→ What to produce: Lines from the beginning of the entries up to and including the one with "Chicago, IL, USA;" must be duplicated word for word; leave out all others.

→ Given records:
###

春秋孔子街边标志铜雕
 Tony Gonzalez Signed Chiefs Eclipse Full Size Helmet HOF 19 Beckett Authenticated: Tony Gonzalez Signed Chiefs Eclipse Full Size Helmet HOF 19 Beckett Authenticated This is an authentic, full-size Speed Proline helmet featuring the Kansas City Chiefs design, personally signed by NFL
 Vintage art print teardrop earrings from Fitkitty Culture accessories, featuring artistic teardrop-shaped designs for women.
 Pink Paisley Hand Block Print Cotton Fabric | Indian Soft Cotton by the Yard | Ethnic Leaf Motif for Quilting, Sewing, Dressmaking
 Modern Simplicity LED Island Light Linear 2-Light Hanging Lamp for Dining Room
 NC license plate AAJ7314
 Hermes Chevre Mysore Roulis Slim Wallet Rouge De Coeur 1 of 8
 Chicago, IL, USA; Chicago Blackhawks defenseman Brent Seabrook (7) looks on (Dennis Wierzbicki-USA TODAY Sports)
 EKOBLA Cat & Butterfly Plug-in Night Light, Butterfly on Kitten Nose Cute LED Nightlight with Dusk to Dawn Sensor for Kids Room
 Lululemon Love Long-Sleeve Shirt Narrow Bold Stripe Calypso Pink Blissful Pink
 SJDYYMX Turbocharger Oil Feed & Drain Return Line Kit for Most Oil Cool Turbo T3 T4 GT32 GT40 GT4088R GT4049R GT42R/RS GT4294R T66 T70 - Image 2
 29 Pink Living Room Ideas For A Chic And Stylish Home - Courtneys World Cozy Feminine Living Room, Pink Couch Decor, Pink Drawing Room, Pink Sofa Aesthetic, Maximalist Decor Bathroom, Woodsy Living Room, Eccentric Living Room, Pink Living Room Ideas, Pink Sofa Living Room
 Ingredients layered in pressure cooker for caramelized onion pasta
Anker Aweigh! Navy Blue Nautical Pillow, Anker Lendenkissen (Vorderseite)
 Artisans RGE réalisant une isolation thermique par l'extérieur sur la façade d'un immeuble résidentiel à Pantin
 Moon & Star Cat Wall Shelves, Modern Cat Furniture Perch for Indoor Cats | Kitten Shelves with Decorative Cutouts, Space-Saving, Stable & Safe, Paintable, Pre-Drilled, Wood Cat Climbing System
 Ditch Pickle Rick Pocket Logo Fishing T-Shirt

###

→ Task solution:
春秋孔子街边标志铜雕
 Tony Gonzalez Signed Chiefs Eclipse Full Size Helmet HOF 19 Beckett Authenticated: Tony Gonzalez Signed Chiefs Eclipse Full Size Helmet HOF 19 Beckett Authenticated This is an authentic, full-size Speed Proline helmet featuring the Kansas City Chiefs design, personally signed by NFL
 Vintage art print teardrop earrings from Fitkitty Culture accessories, featuring artistic teardrop-shaped designs for women.
 Pink Paisley Hand Block Print Cotton Fabric | Indian Soft Cotton by the Yard | Ethnic Leaf Motif for Quilting, Sewing, Dressmaking
 Modern Simplicity LED Island Light Linear 2-Light Hanging Lamp for Dining Room
 NC license plate AAJ7314
 Hermes Chevre Mysore Roulis Slim Wallet Rouge De Coeur 1 of 8
 Chicago, IL, USA; Chicago Blackhawks defenseman Brent Seabrook (7) looks on (Dennis Wierzbicki-USA TODAY Sports)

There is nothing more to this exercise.